Task details
Transcribe the listing underneath, keeping each word exact and omitting the images.

Exercise data
= Beginning of Section =
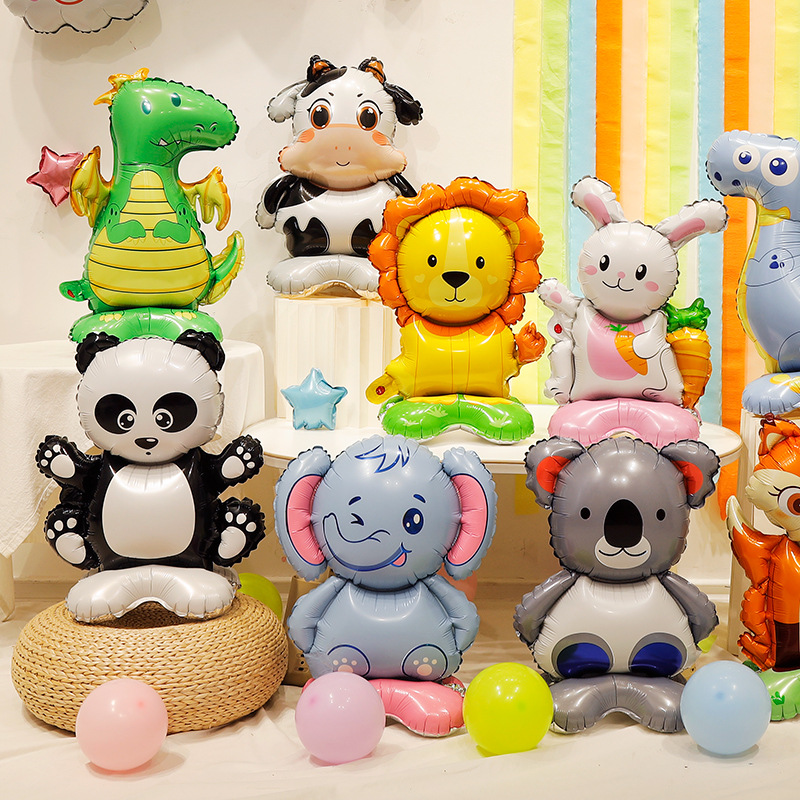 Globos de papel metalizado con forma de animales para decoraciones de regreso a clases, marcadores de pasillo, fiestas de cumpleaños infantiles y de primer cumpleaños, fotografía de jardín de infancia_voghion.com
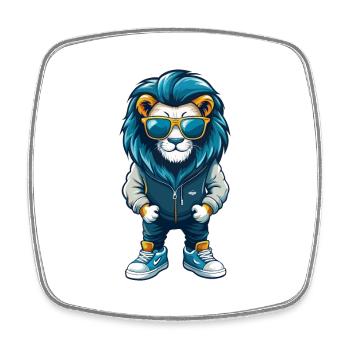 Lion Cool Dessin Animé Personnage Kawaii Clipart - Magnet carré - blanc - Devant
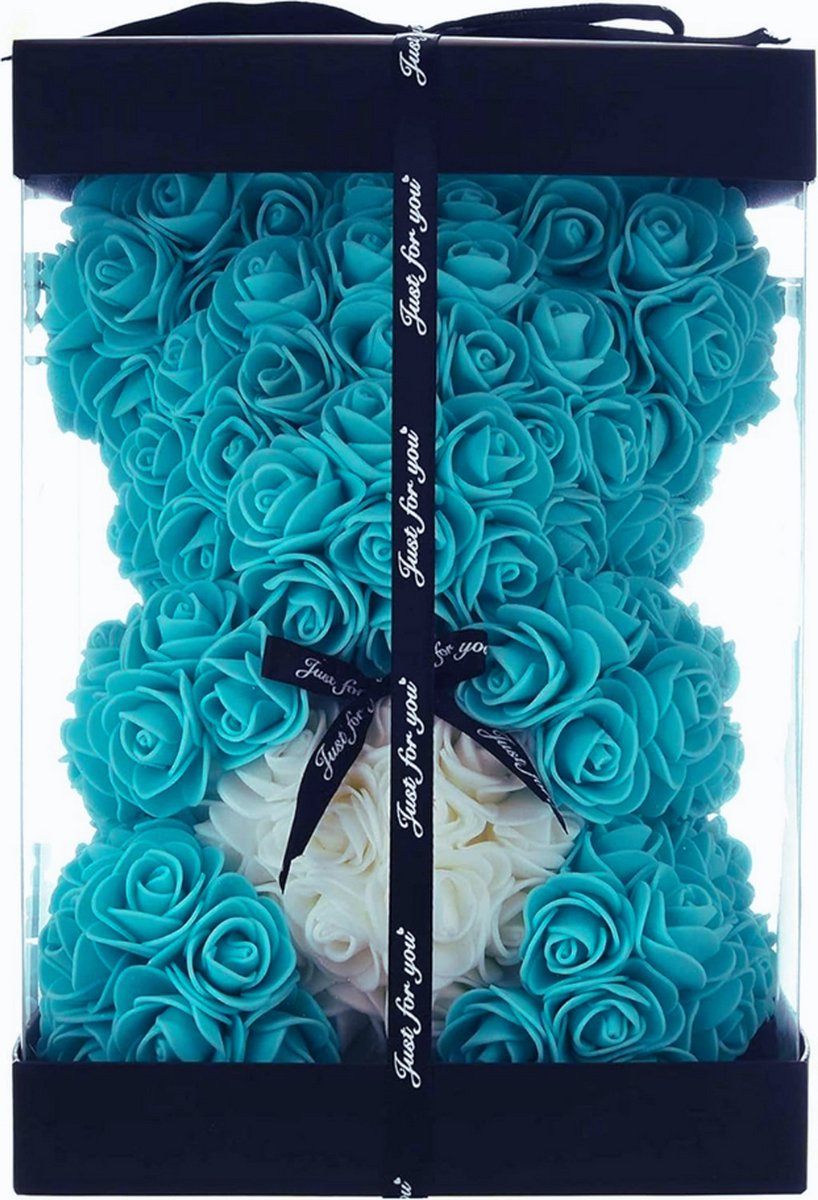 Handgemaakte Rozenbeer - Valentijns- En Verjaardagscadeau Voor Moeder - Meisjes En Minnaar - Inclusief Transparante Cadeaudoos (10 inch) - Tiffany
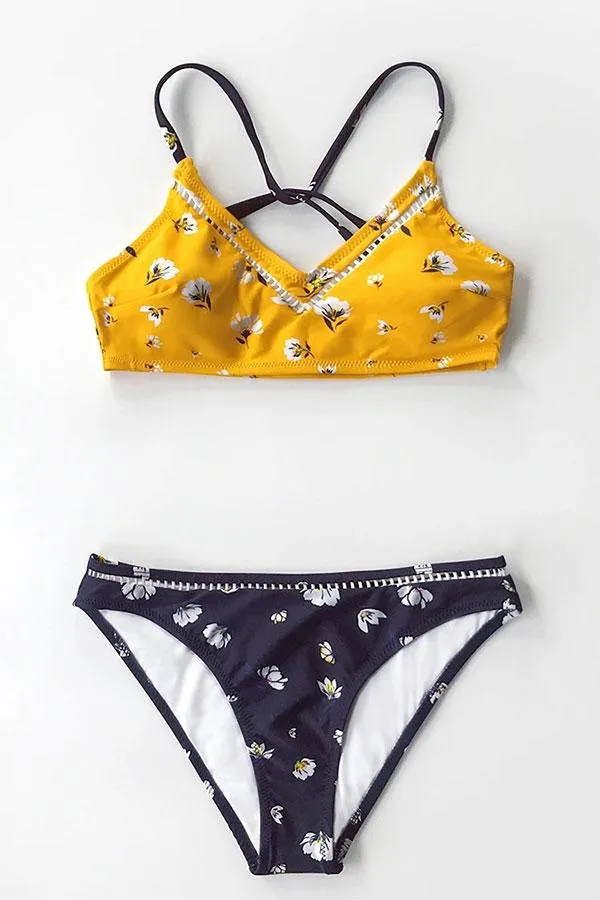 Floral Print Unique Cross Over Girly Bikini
= End of Section =
Solution to the exercise
 Globos de papel metalizado con forma de animales para decoraciones de regreso a clases, marcadores de pasillo, fiestas de cumpleaños infantiles y de primer cumpleaños, fotografía de jardín de infancia_voghion.com
 Lion Cool Dessin Animé Personnage Kawaii Clipart - Magnet carré - blanc - Devant
 Handgemaakte Rozenbeer - Valentijns- En Verjaardagscadeau Voor Moeder - Meisjes En Minnaar - Inclusief Transparante Cadeaudoos (10 inch) - Tiffany
 Floral Print Unique Cross Over Girly Bikini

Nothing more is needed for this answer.